• **Your goal**: Leaving out all pictures, transcribe exactly the lines between the line with "to swim 🏊🏽♀️" and the last line of the records below, both included.

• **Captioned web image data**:
++++++

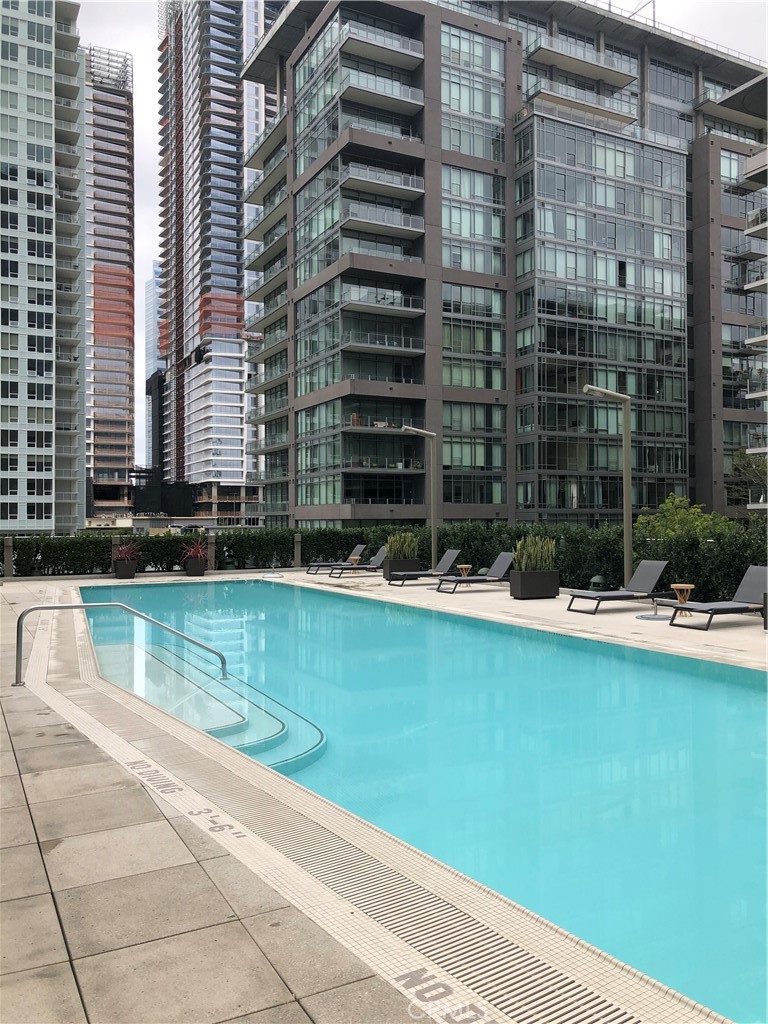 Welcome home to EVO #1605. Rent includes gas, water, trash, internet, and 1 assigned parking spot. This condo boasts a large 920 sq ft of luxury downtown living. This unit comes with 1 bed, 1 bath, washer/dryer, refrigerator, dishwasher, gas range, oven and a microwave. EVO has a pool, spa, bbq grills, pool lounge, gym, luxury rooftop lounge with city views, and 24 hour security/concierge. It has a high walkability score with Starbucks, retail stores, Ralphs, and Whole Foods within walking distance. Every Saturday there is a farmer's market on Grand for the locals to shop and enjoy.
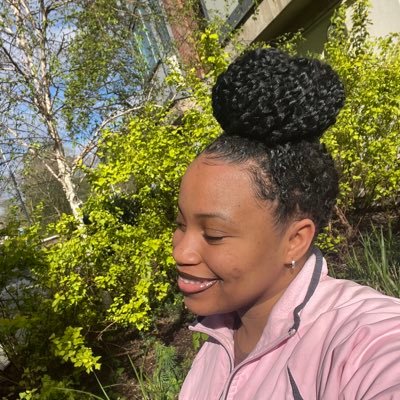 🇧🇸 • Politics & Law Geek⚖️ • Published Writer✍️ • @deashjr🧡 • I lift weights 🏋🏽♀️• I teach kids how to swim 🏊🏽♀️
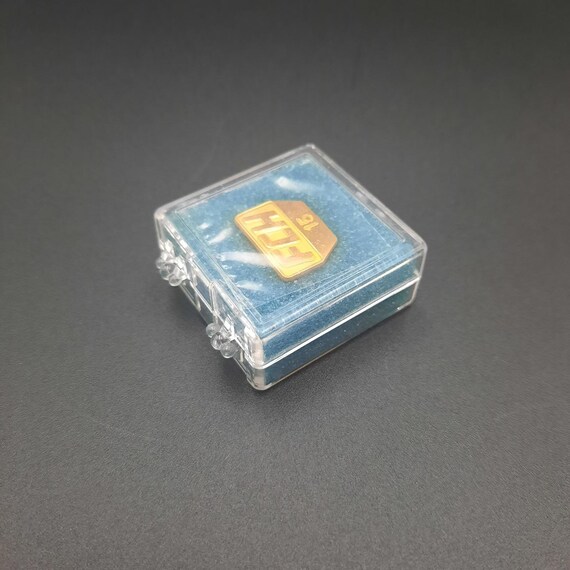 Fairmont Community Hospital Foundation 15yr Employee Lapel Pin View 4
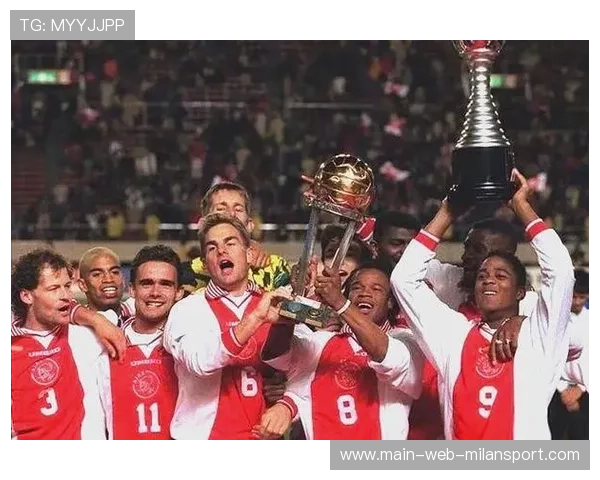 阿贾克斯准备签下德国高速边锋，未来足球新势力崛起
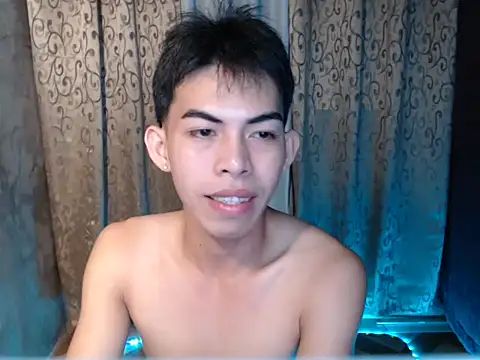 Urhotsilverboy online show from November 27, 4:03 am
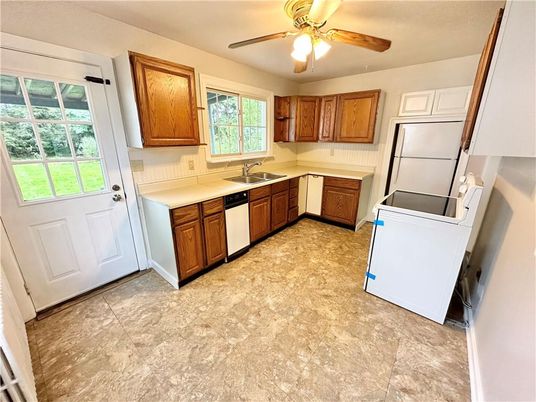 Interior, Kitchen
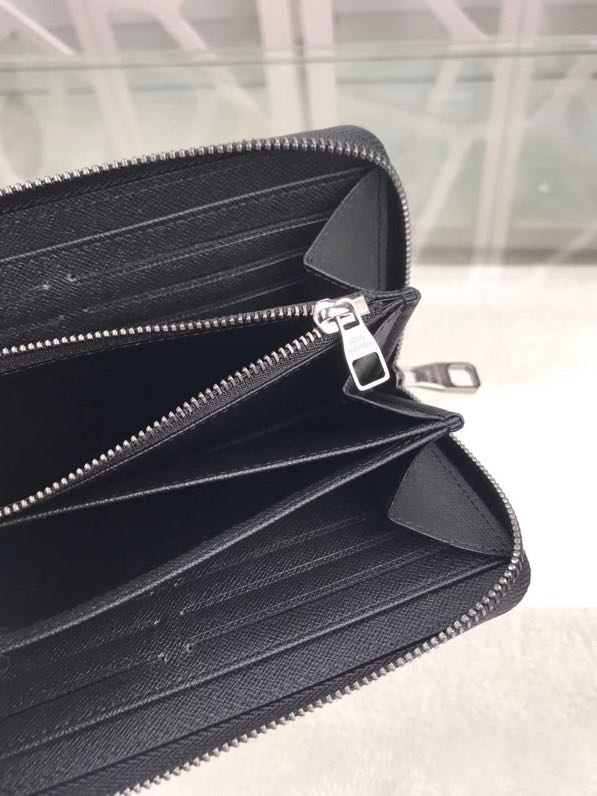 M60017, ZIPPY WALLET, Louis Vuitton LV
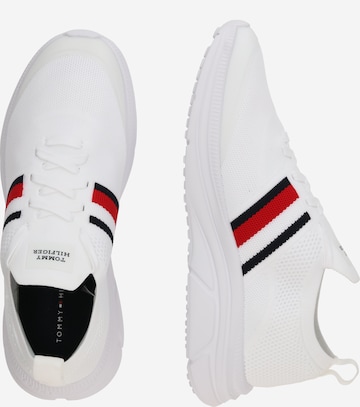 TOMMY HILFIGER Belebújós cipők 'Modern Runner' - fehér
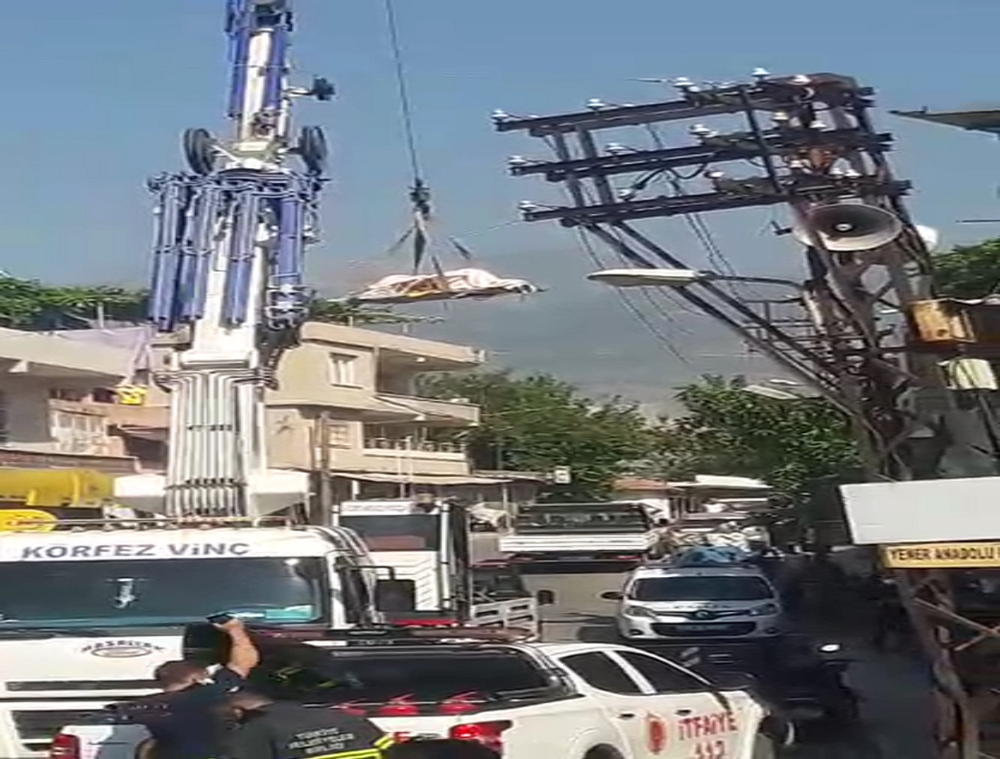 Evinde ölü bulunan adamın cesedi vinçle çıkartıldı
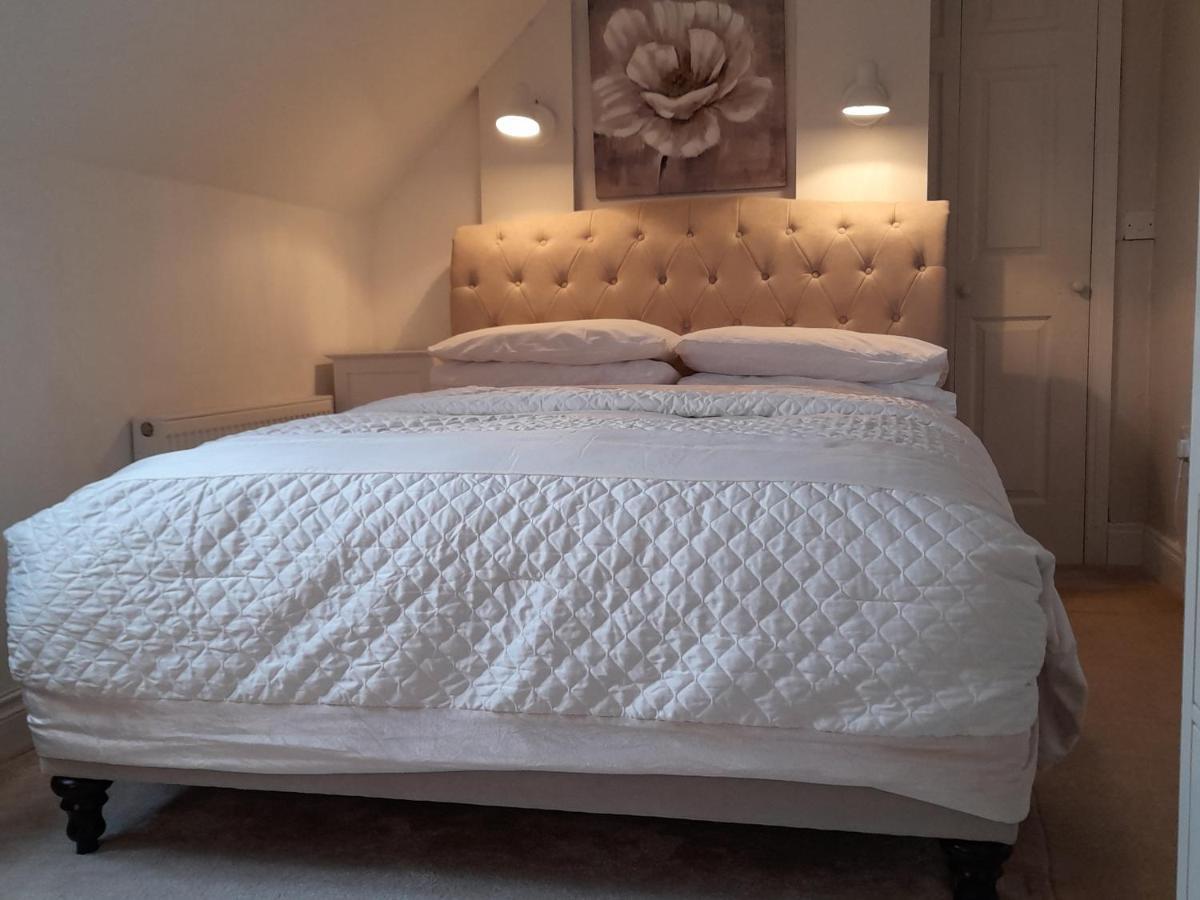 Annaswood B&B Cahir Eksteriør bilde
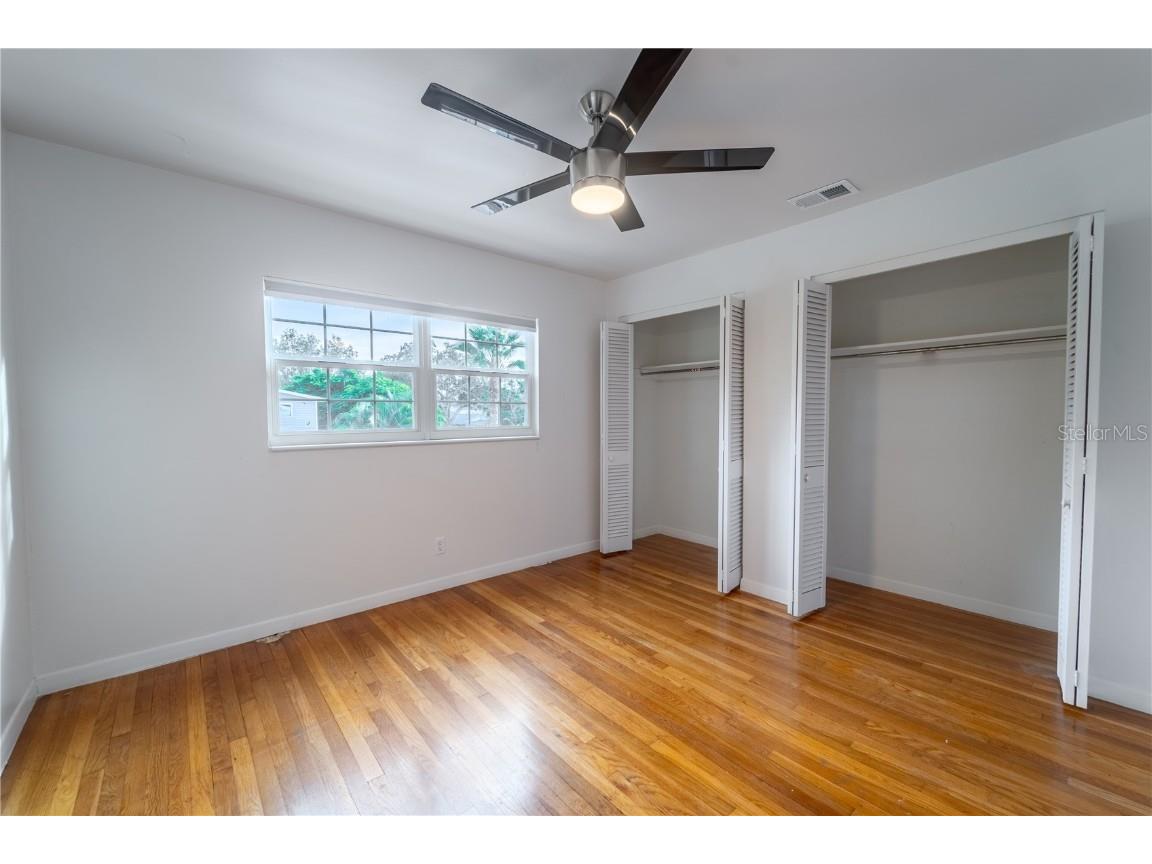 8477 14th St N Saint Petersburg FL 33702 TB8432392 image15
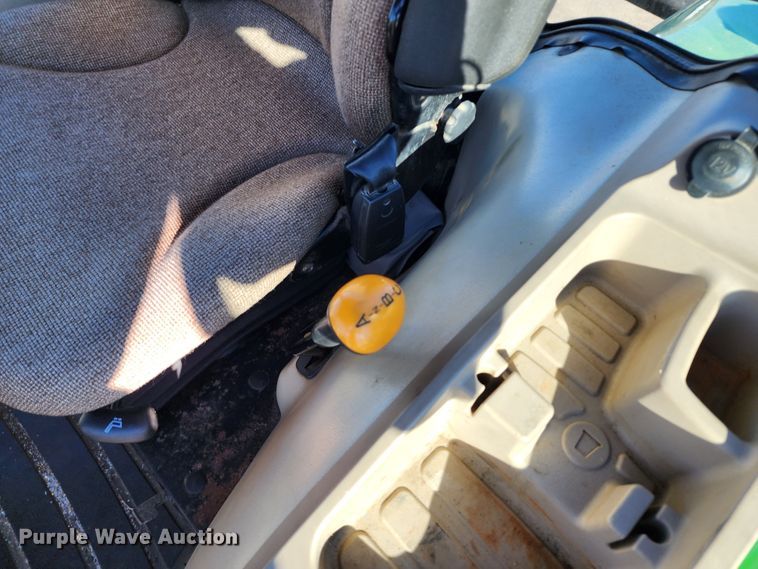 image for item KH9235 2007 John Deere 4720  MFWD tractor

++++++

• **Solution for this task**:
 🇧🇸 • Politics & Law Geek⚖️ • Published Writer✍️ • @deashjr🧡 • I lift weights 🏋🏽♀️• I teach kids how to swim 🏊🏽♀️
 Fairmont Community Hospital Foundation 15yr Employee Lapel Pin View 4
 阿贾克斯准备签下德国高速边锋，未来足球新势力崛起
 Urhotsilverboy online show from November 27, 4:03 am
 Interior, Kitchen
 M60017, ZIPPY WALLET, Louis Vuitton LV
 TOMMY HILFIGER Belebújós cipők 'Modern Runner' - fehér
 Evinde ölü bulunan adamın cesedi vinçle çıkartıldı
 Annaswood B&B Cahir Eksteriør bilde
 8477 14th St N Saint Petersburg FL 33702 TB8432392 image15
 image for item KH9235 2007 John Deere 4720  MFWD tractor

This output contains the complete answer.